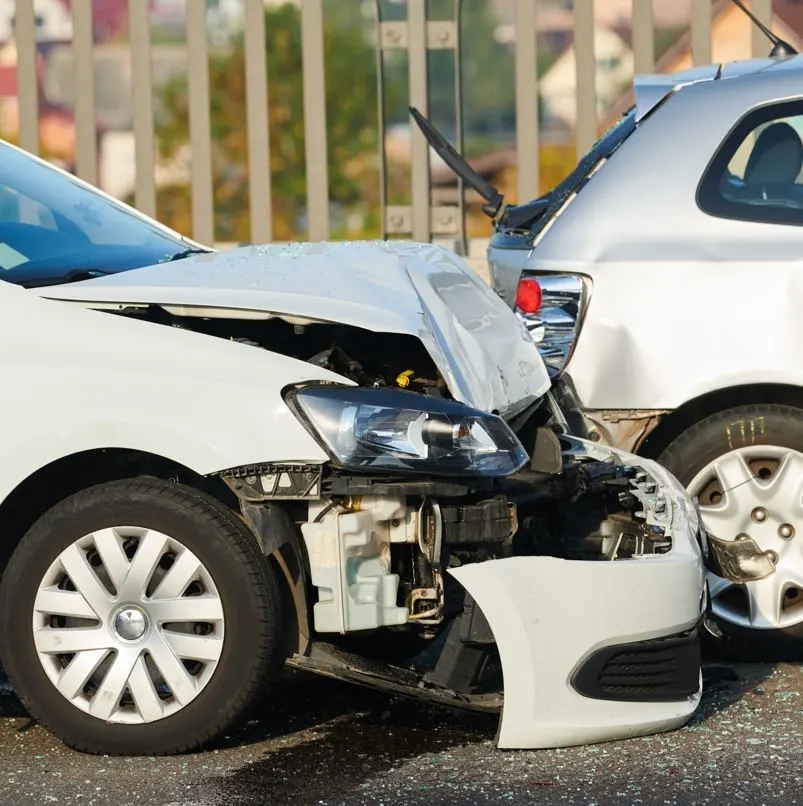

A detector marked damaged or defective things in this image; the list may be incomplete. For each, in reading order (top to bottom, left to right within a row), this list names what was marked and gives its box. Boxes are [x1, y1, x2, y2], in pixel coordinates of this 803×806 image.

crumpled hood [39, 240, 552, 420]
damaged front end [218, 414, 704, 756]
detached bumper [450, 442, 708, 752]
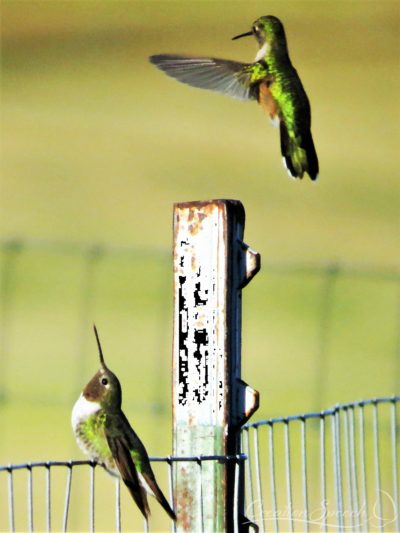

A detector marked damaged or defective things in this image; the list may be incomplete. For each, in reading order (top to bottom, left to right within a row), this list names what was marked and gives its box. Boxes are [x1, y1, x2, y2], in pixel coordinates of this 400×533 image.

rusty metal post [172, 201, 260, 532]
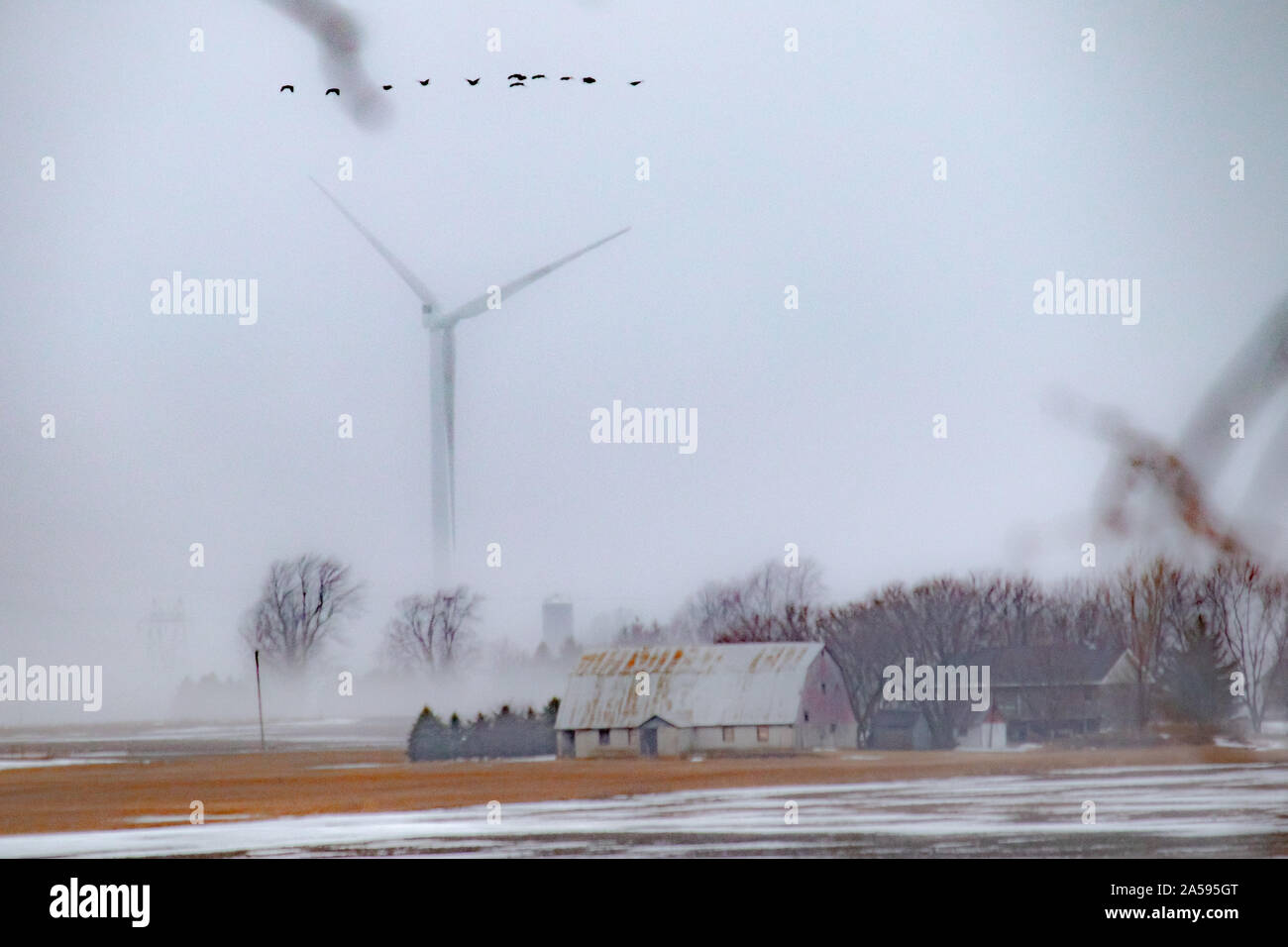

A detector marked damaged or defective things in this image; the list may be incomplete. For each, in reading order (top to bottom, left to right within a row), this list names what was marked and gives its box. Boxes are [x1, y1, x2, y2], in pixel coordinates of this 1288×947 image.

rusty metal roof [554, 641, 824, 731]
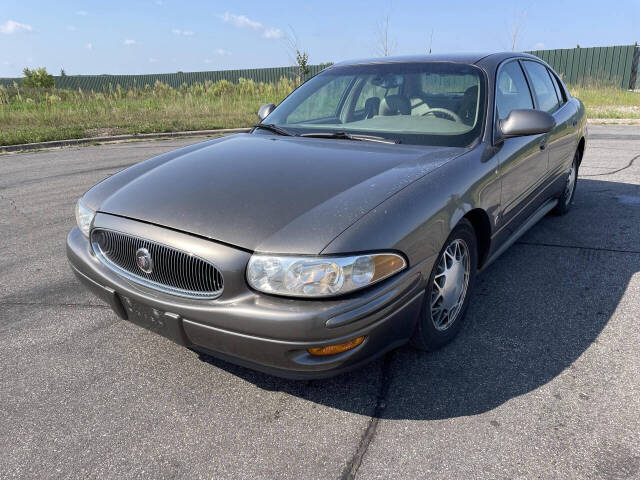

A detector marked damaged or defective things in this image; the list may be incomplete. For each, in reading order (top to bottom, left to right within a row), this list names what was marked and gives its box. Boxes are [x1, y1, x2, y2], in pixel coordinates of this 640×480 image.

crack in pavement [342, 348, 398, 480]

Assigned task → Everything from the line containing "this 640×480 image." through the final line above must be copied exactly, with both ends kept.

Output →
A detector marked damaged or defective things in this image; the list may be incomplete. For each, in reading order (top to bottom, left to right within a row), this list names what was marked and gives its box. Boxes are [x1, y1, x2, y2], in pixel coordinates of this 640×480 image.

crack in pavement [342, 348, 398, 480]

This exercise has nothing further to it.